2024年11月21日
労務・人事ニュース
賃金の連続増加で企業の雇用安定!毎月勤労統計調査が示す令和6年の給与動向
毎月勤労統計調査 令和6年9月分結果速報等(厚労省)
厚生労働省が発表した毎月勤労統計調査の令和6年9月速報によると、名目賃金の上昇が続き、物価上昇を上回る形で労働者の給与が増加しています。特に、5人以上の事業所における現金給与総額が前年同月比で2.8%増加し、292,551円に達しています。また、規模が30人以上の事業所では3.6%増の328,230円に達し、43カ月連続でプラスを記録しました。この結果は、安定した経済成長の下での労働環境の改善を示唆しており、企業側が従業員に対しての賃金引き上げを積極的に行っていることが読み取れます。
「きまって支給する給与」にも安定した伸びが見られ、前年同月比で2.4%増加し、283,358円となりました。さらに、「所定内給与」も2.6%の増加で264,194円に達し、31年8カ月ぶりの高い伸びを記録しました。これらのデータは、基本的な賃金が着実に増加していることを示しており、特別な残業手当やボーナスなどの一時金以外の通常給与がしっかりと支払われている点を強調しています。企業にとっては、労働者の離職防止とモチベーション向上のため、安定した給与支給の維持が重要です。
一般労働者に関しては、現金給与総額が前年同月比で2.6%増加し、372,881円となり、42カ月連続でプラス成長を記録しました。このカテゴリーにおいても、「所定内給与」が2.5%増の333,822円に達し、44カ月連続でプラスを示しました。特に中堅以上の企業においては、給与の安定と持続的な増加が求められており、このような長期的なプラス成長は、企業の持続的な成長にも大きな影響を与えます。

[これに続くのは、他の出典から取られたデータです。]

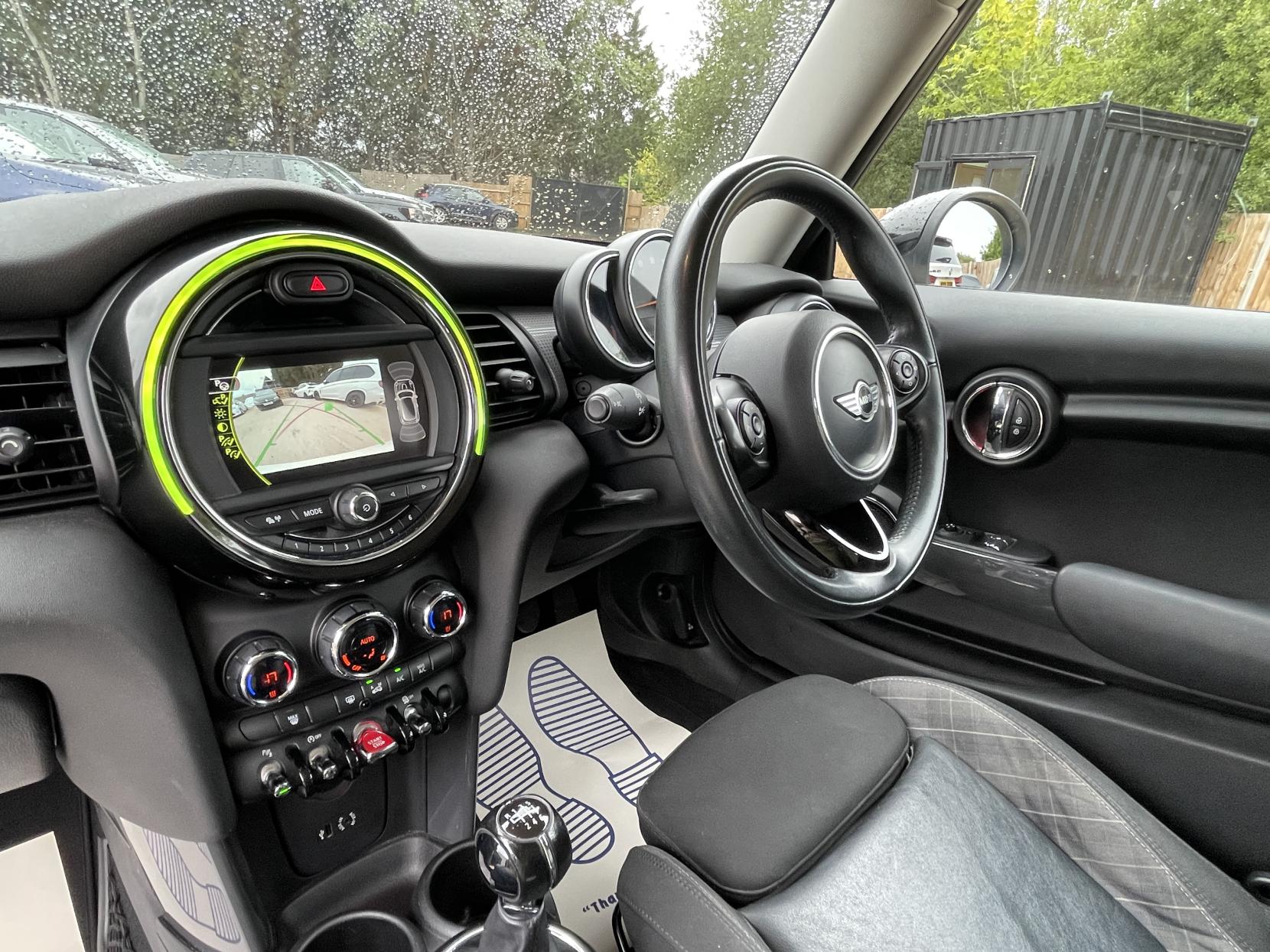 MINI Hatch 1.5 Cooper Hatchback 3dr Petrol Manual Euro 6 (s/s) (136 ps)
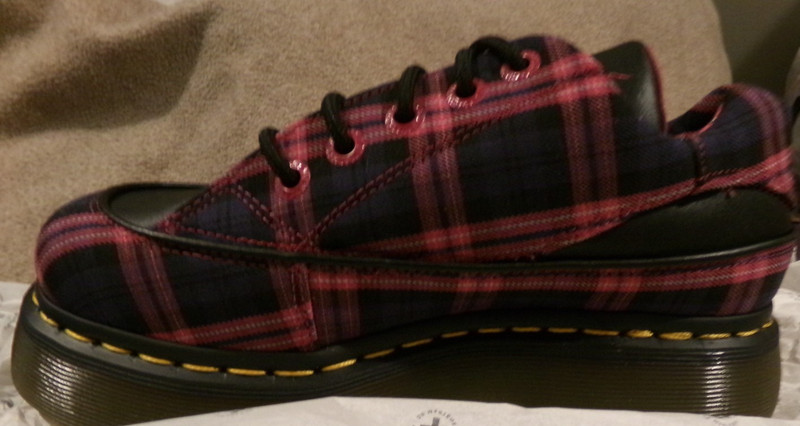 NEW Dr. AirWair Martens Buzz 5-Eye Women's Black/Pink Multi Tartan Shoes Size 7 gallery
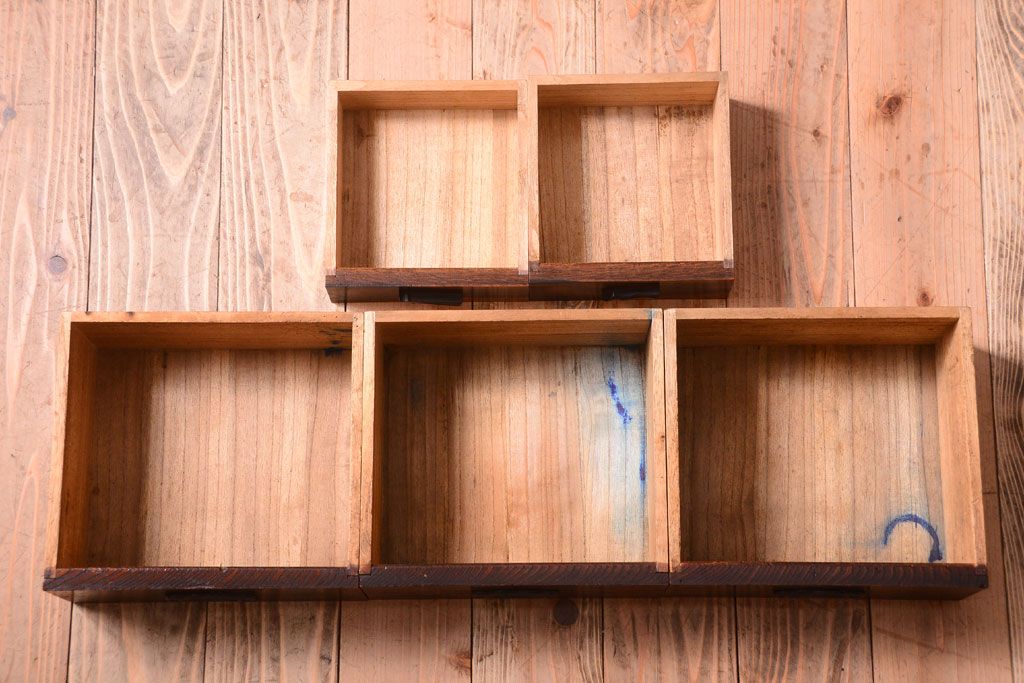 アンティーク家具　古い木の上品な和製アンティーク茶箪笥(茶棚)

パートタイム労働者の時間当たり給与も増加傾向にあります。所定内給与としての時間当たり給与は1,345円で、前年同月比で4.3%増加し、39カ月連続でプラスを記録しました。パートタイム労働者の給与が上昇していることは、非正規雇用者に対する企業の待遇改善への意識の高まりを反映しており、労働市場全体の健全性向上にも寄与しています。これにより、企業は幅広い人材を安定的に確保しやすくなり、従業員の満足度や職場環境の改善につながります。
一方で、実質賃金指数は厳しい状況が続いています。物価上昇が続いているため、現金給与総額の実質賃金指数(令和2年平均を100とした場合)は83.2で、前年同月比で0.1%減少し、2カ月連続のマイナスを記録しました。特に30人以上の規模の事業所では81.4と、物価上昇の影響を受けやすい傾向にあります。企業にとっては、実質賃金が目減りしないよう物価上昇に見合った給与改定が重要な課題といえるでしょう。この結果は、消費者物価指数が前年同月比で2.9%上昇している影響が反映されています。

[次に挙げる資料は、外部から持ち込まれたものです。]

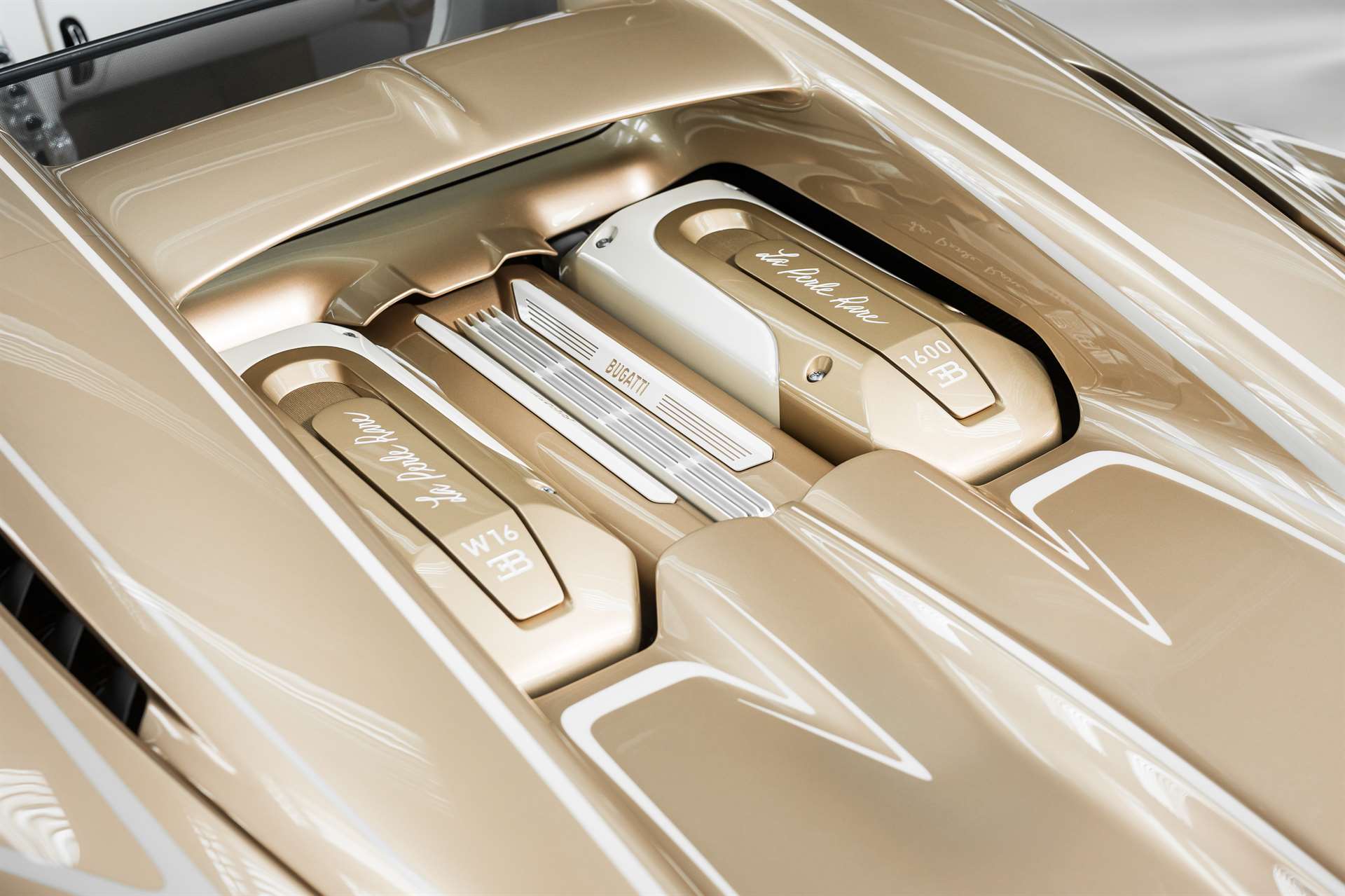 بوجاتي W16 Mistral La Perle Rare تحفة فنية استثنائية تمزج بين الأداء الجامح و الحرفية التي لا تضاهى 5 بوجاتي W16 Mistral La Perle Rare تحفة فنية استثنائية تمزج بين الأداء الجامح و الحرفية التي لا تضاهى - عرب اوتو هب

令和6年9月の調査では、夏季賞与の支給も重要なポイントとなっています。規模5人以上の事業所における労働者一人平均賞与額は414,515円で、前年同月比で2.3%増加しました。また、規模30人以上の事業所では478,814円と、4.2%の増加を示しました。この賞与の増加は、企業が従業員への還元意識を高めていることを示しており、特に大規模な企業でその傾向が顕著です。夏季賞与の増額により、従業員は短期間での消費意欲が高まり、これが経済全体の活性化にも寄与すると考えられます。

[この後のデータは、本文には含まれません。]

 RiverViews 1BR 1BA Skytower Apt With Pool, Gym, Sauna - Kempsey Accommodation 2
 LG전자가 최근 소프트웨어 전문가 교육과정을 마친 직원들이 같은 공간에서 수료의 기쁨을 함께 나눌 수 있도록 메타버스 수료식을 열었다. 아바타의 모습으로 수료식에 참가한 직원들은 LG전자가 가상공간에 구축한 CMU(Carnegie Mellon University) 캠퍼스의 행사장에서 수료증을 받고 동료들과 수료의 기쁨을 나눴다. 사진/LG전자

本調査に関するデータは、経済全体の指標としてだけでなく、企業の経営判断にも大いに参考になります。従業員のモチベーション向上や離職率低減、競争力の向上などを目指すためには、こうした給与やボーナスの支給傾向を把握し、柔軟な賃金制度を導入することが効果的です。特に物価の変動を意識した賃金改定は、実質的な給与水準を維持するために企業が検討すべき重要な項目といえます。
企業が安定した成長を遂げるためには、労働者に適切な報酬を提供し、生活の質を向上させることが不可欠です。政府統計が示す最新データをもとに、企業は競争力のある給与体系を構築し、さらなる成長を目指すべきです。